START PROVIDED RECORDS
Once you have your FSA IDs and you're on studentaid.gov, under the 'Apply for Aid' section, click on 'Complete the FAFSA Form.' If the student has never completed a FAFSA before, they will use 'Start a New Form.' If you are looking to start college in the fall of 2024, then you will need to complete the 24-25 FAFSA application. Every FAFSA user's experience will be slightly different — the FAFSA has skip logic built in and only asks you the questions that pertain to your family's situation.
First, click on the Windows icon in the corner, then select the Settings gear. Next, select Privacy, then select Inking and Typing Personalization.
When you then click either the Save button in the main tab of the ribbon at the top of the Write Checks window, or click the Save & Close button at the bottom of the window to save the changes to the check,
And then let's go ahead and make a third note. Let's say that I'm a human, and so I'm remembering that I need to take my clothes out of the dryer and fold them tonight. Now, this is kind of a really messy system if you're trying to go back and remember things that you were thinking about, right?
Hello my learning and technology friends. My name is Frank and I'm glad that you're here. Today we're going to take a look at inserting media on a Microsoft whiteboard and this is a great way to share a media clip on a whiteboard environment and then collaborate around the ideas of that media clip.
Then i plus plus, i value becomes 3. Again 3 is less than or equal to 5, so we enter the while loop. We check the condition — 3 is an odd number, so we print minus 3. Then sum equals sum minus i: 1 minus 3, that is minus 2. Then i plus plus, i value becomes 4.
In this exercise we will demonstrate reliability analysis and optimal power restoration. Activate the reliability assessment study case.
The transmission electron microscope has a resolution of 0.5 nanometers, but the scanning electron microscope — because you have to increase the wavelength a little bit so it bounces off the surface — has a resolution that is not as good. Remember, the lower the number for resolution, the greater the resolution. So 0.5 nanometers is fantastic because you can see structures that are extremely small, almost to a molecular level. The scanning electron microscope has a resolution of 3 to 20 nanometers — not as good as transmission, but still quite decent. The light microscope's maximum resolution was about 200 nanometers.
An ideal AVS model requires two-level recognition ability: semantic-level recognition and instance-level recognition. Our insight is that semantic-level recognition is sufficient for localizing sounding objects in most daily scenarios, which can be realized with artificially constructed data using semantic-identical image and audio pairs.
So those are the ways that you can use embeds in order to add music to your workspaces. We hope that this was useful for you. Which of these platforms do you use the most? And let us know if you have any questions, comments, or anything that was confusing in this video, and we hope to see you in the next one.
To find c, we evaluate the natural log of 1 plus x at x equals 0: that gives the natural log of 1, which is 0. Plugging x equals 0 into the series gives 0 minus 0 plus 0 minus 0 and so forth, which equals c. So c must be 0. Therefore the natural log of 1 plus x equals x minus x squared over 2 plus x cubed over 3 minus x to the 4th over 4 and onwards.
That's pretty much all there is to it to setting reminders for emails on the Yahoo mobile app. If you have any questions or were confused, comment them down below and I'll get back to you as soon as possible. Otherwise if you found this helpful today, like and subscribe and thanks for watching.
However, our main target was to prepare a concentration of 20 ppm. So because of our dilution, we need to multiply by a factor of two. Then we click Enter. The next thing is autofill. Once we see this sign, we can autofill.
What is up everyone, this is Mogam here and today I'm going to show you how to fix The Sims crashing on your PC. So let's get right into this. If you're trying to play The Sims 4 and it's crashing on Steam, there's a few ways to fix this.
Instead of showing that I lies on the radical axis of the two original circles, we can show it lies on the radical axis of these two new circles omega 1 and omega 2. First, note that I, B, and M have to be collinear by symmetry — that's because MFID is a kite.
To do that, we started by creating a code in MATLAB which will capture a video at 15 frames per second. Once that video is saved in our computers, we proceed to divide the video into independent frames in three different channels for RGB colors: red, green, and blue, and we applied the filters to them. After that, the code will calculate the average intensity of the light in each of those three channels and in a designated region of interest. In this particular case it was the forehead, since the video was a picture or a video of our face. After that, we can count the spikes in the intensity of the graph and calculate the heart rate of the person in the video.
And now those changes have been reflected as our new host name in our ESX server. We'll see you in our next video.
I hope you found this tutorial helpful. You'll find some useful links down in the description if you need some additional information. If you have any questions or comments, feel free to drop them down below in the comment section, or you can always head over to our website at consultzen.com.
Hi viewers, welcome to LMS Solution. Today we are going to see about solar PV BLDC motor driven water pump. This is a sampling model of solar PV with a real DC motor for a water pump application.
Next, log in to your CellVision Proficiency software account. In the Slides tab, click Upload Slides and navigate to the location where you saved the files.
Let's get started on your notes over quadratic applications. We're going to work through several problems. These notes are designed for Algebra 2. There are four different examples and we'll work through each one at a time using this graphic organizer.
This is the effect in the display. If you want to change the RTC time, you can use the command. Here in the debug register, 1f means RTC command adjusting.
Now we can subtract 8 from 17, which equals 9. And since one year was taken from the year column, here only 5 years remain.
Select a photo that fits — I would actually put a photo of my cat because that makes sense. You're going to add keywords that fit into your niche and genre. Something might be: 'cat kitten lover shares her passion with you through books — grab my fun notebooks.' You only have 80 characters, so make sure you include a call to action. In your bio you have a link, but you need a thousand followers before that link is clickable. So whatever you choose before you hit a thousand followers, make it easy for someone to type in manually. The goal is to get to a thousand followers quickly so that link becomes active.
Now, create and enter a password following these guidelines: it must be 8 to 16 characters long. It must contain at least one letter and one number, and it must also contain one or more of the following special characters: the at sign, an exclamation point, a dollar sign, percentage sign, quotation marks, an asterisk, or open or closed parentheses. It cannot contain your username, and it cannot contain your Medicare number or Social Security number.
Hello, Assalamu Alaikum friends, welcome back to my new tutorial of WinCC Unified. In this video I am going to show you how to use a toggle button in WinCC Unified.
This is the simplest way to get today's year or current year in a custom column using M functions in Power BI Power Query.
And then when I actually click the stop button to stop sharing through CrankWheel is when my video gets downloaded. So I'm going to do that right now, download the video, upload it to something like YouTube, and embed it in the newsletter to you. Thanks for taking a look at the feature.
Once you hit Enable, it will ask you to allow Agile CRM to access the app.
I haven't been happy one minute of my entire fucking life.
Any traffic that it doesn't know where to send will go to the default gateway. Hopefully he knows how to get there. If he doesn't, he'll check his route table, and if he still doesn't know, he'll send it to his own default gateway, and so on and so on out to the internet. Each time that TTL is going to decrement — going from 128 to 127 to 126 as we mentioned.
END PROVIDED RECORDS
EXERCISE PROMPT:
Using the records above, write out exactly the lines between the one holding "Hello, Assalamu Alaikum" and the one holding "This is the simplest", inclusive; leave everything else out.

SOLUTION TO THIS TASK:
Hello, Assalamu Alaikum friends, welcome back to my new tutorial of WinCC Unified. In this video I am going to show you how to use a toggle button in WinCC Unified.
This is the simplest way to get today's year or current year in a custom column using M functions in Power BI Power Query.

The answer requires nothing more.